Can you explain how you "know" two things are related? If I ask you the similarities between a cat and a dog, is your answer based solely on an understanding of their genetic phylogeny and how those genes express traits?
Grouping vectors in concept space is exactly how you create semantic understanding. The proof is in how good they are at creating semantically valid text. The fact that it took massive amounts of data is irrelevant. That just shows how much knowledge is encoded in all our language. It takes humans a ton of training to know things too.
> is exactly how
We don't know that. It seems like great hubris to declare we know how the human brain works. You are asking me to explain how we know things and then telling me we've already figured it out in the same breath, and that's hilarious.

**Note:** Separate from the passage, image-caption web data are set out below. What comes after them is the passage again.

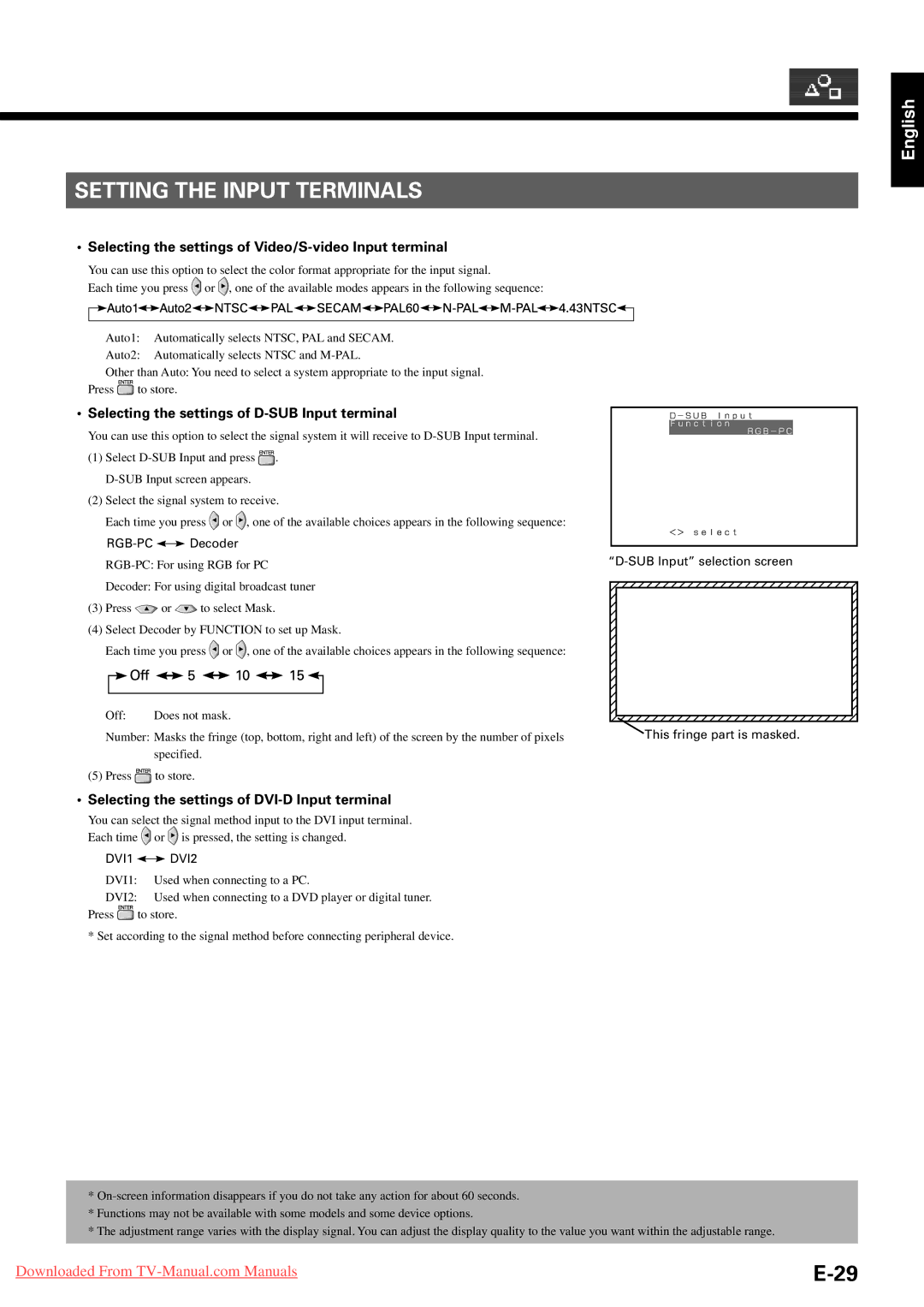 Fujitsu P42HHA30W, P63XHA30W, P50XHA30A Setting the Input Terminals, Selecting the settings of Video/S-video Input terminal 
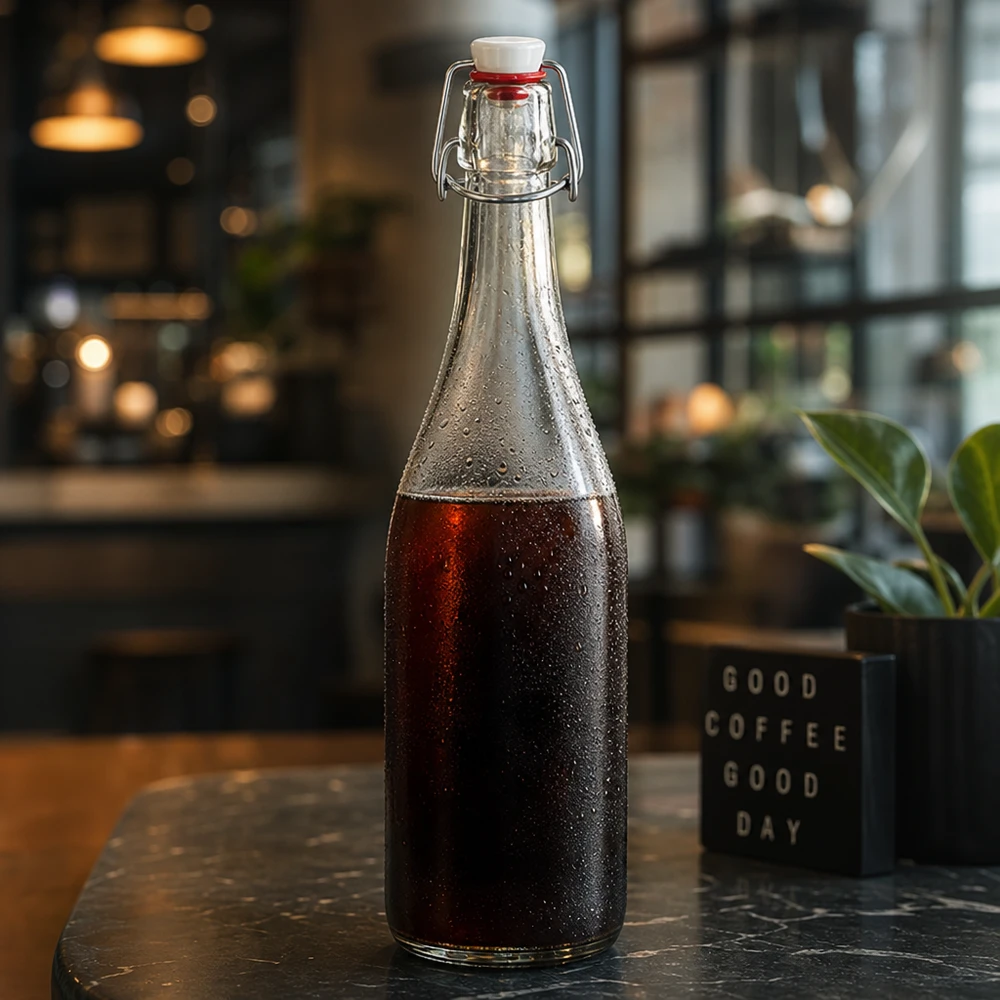 750ml Glasflasche und Bügelverschluss PVC UNiTWIST 750ml Glasflasche Bügelverschluss mit Cola gefüllt Café Atmosphäre cold brew coffee ambient Beleuchtung stylisch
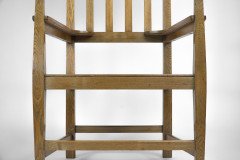 An Arts & Crafts Ash Wood Armchair with Square Caps & an Embossed Copper Panel - Thumbnail 9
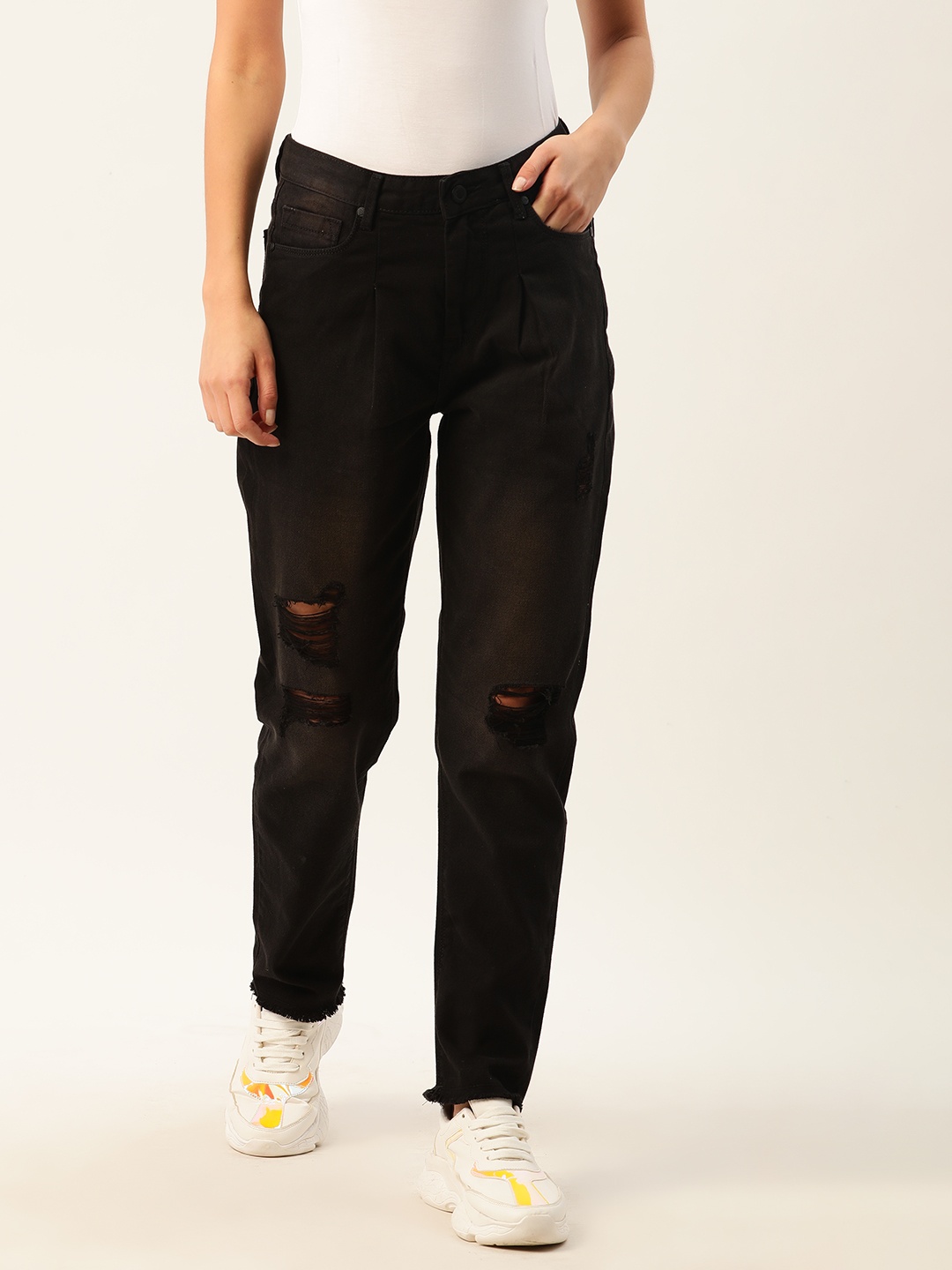 

Moda Rapido Women Charcoal Grey Distressed Pure Cotton Boyfriend Fit Jeans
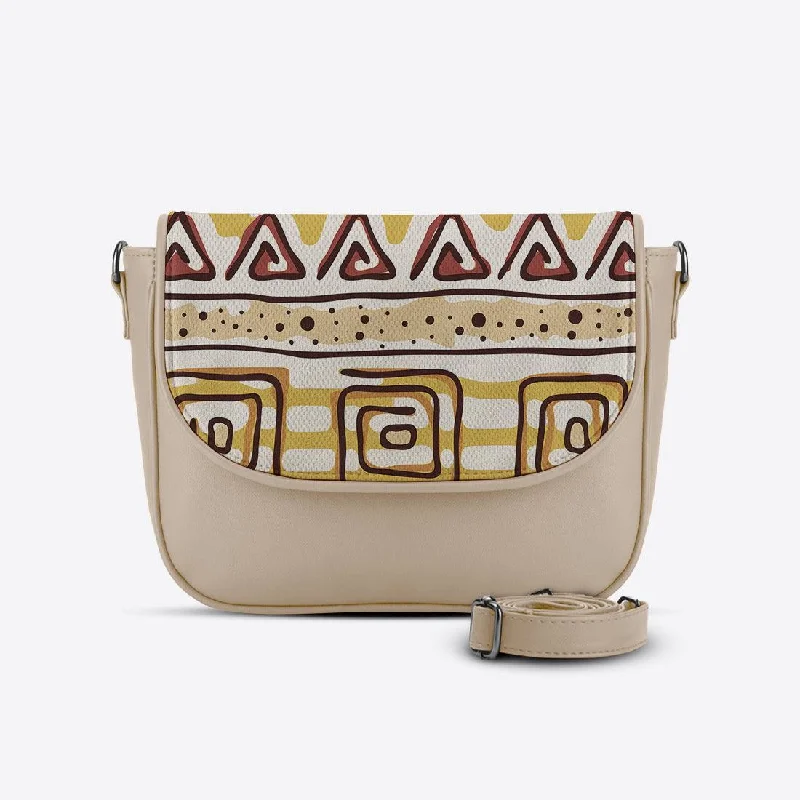 Beige Messenger Crossbody Afro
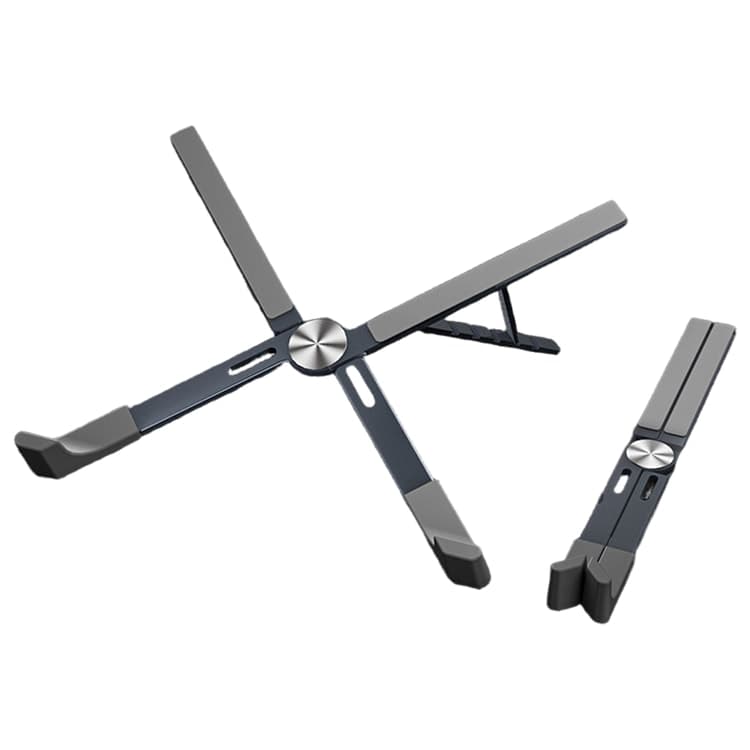 Adjustable Portable Foldable Lift Aluminum Alloy Laptop Stand X-Type - Dark Gray (with Flannel Leather Case) 1 Piece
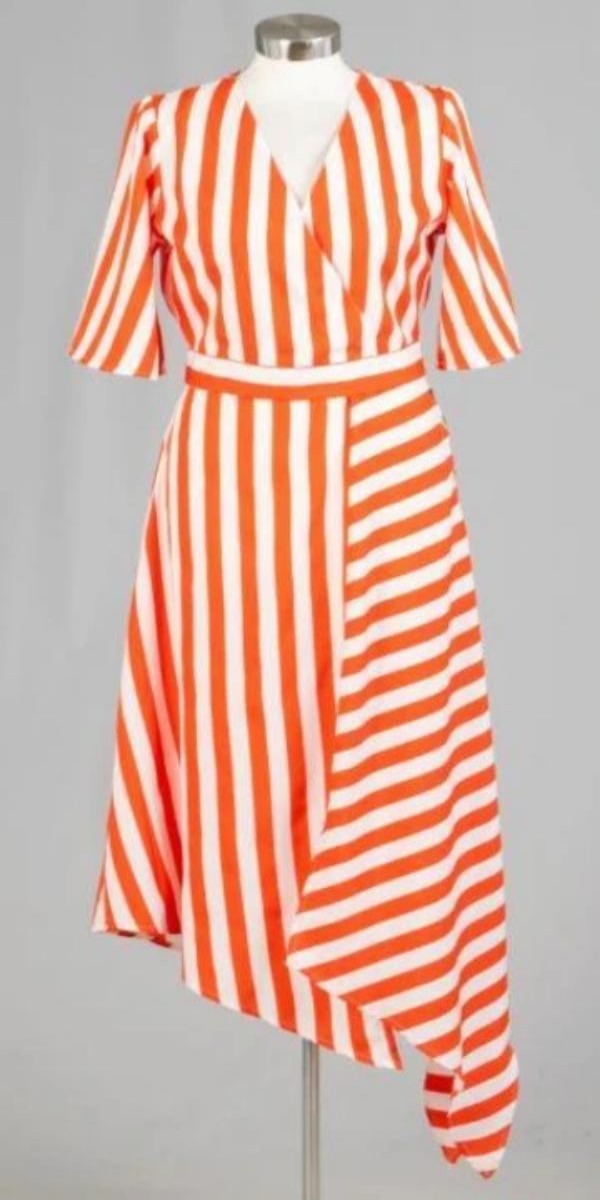 Orange/Red And White Stripe Two-Piece Skirt Set
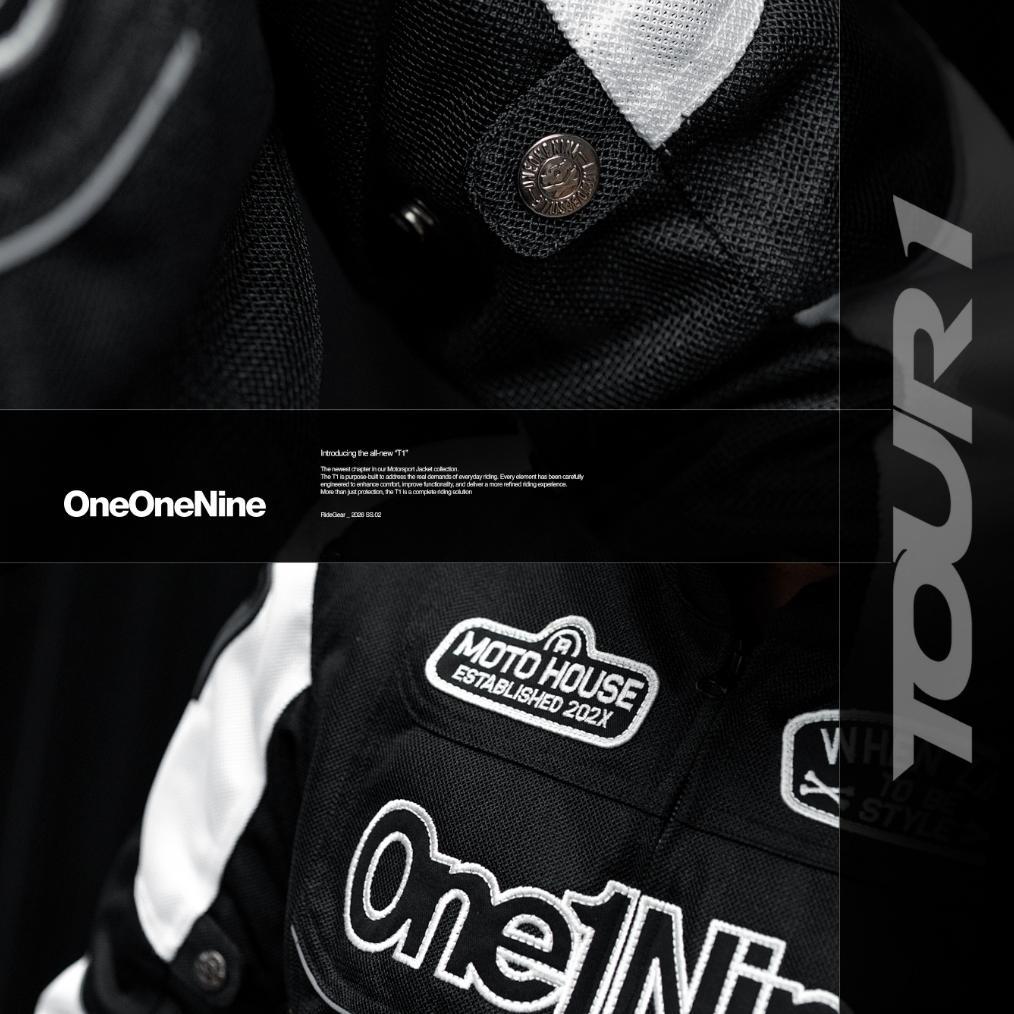 Terbaru Oneonenine Ksr Jaket Mesh Tour1 Black White Series - Jaket Motor Body Protector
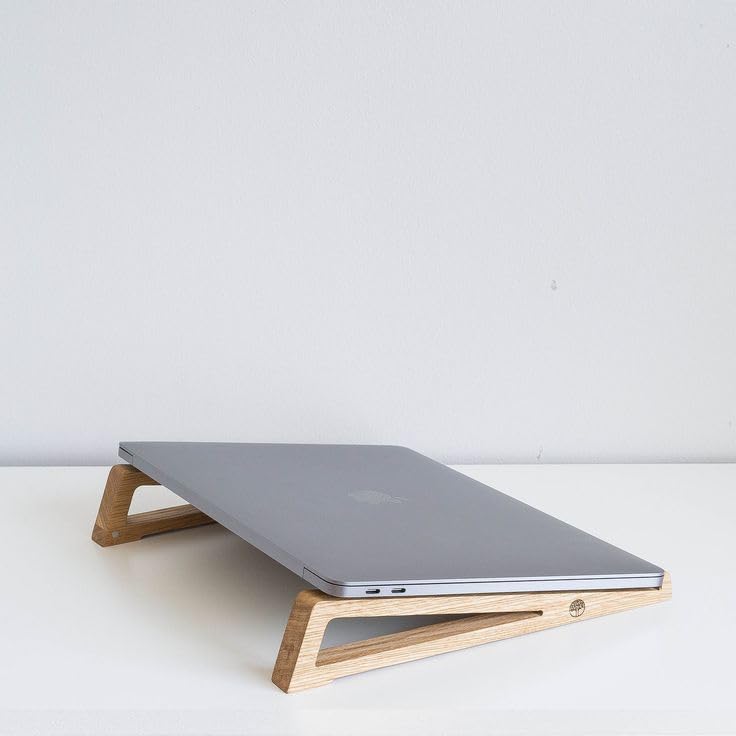 InnoFur Friss Wooden Laptop Stand Ergonomic Foldable Portable Tabletop Laptop/Desktop Riser Stand Holder Compatible for MacBook, HP, Dell, Lenovo & All Other Notebook. - Image 5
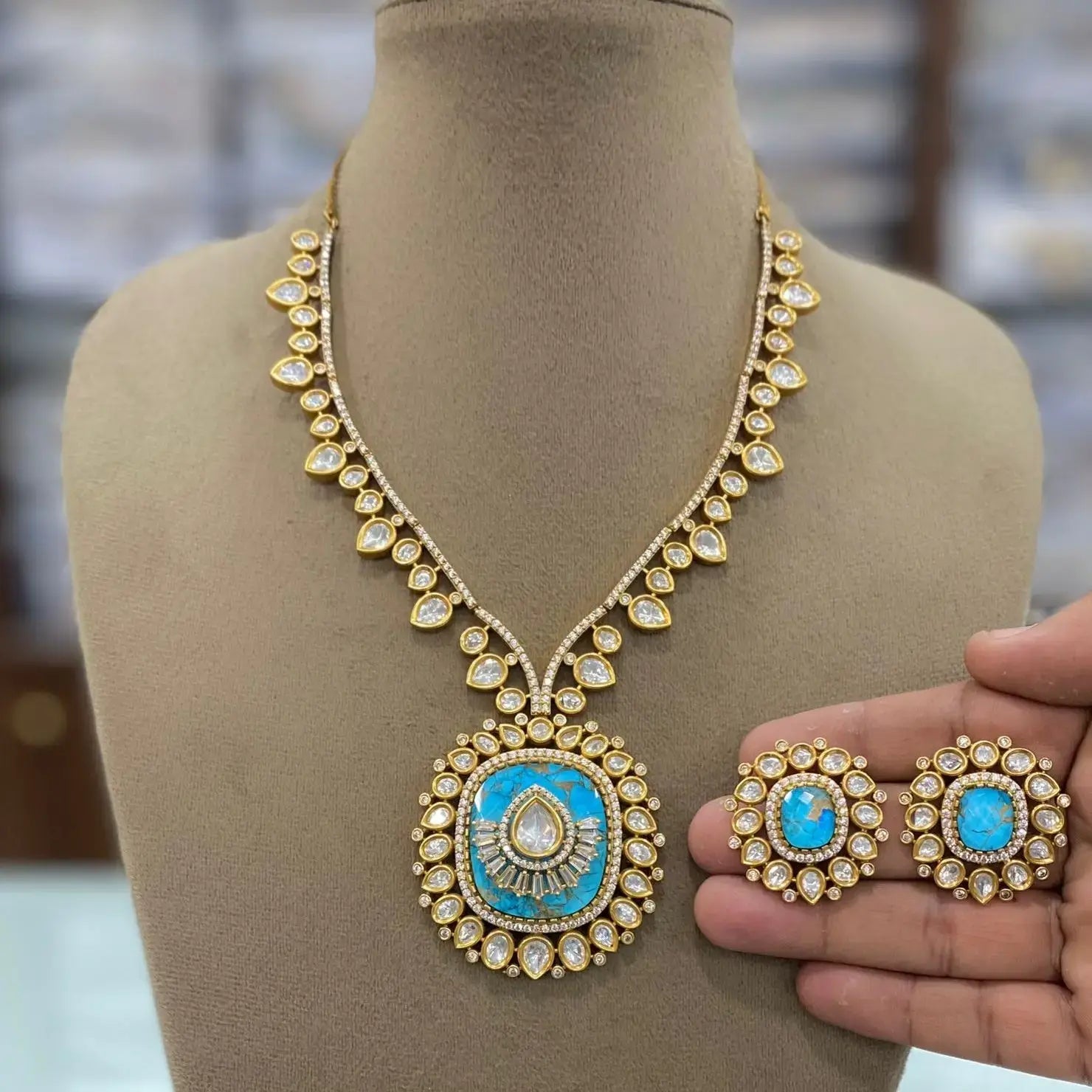 Srishti Moissanite Polki Tourmaline Doublet Necklace Set - Turquoise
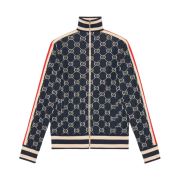 Gucci GG Jacquard Cotton Jacket Blue Ivory
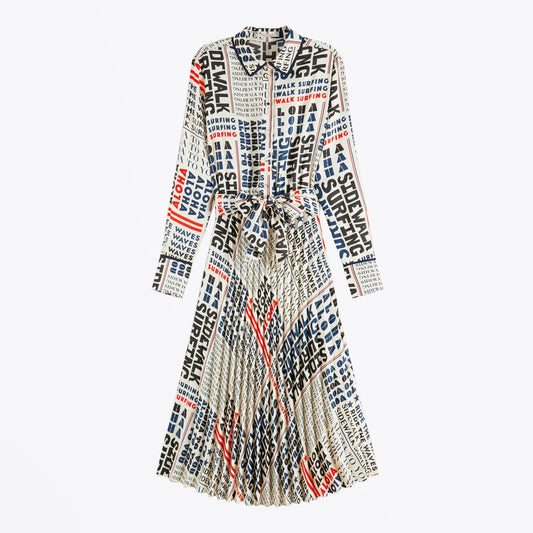 - Pleated Midi Dress - Multi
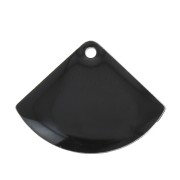 Sequins éventail en laiton et résine époxy 15x20 mm Noir x4|raw }}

It doesn't take massive amounts of language data to train a baby human. It is almost entirely just: "Look. Here's a cat. Can you say cat? Cats go meow." "Over here, your aunt has a dog. Dogs go woof."
There's generally a flood of non-lingual contextual data in such moments such as sights, smells, sounds, movements, touch but that also only further underscores how different LLM training is from anything we'd consider human learning. Our memories aren't just "conceptual spaces of linguistic topics", they are complex sensory maps where a smell can remind you of the first dog you ever met. There is so much of our human knowledge that is not and never been encoded in most of our languages.
The fact that LLMs take massive amounts of linguistic data is relevant, because it shows how far we still have to go in barely scratching the surface of how the human brain seems to work. (Which again, we know only the barest details. Anyone who tells you they know 100% of how the human brain operates so far tends to be a snake oil salesman.)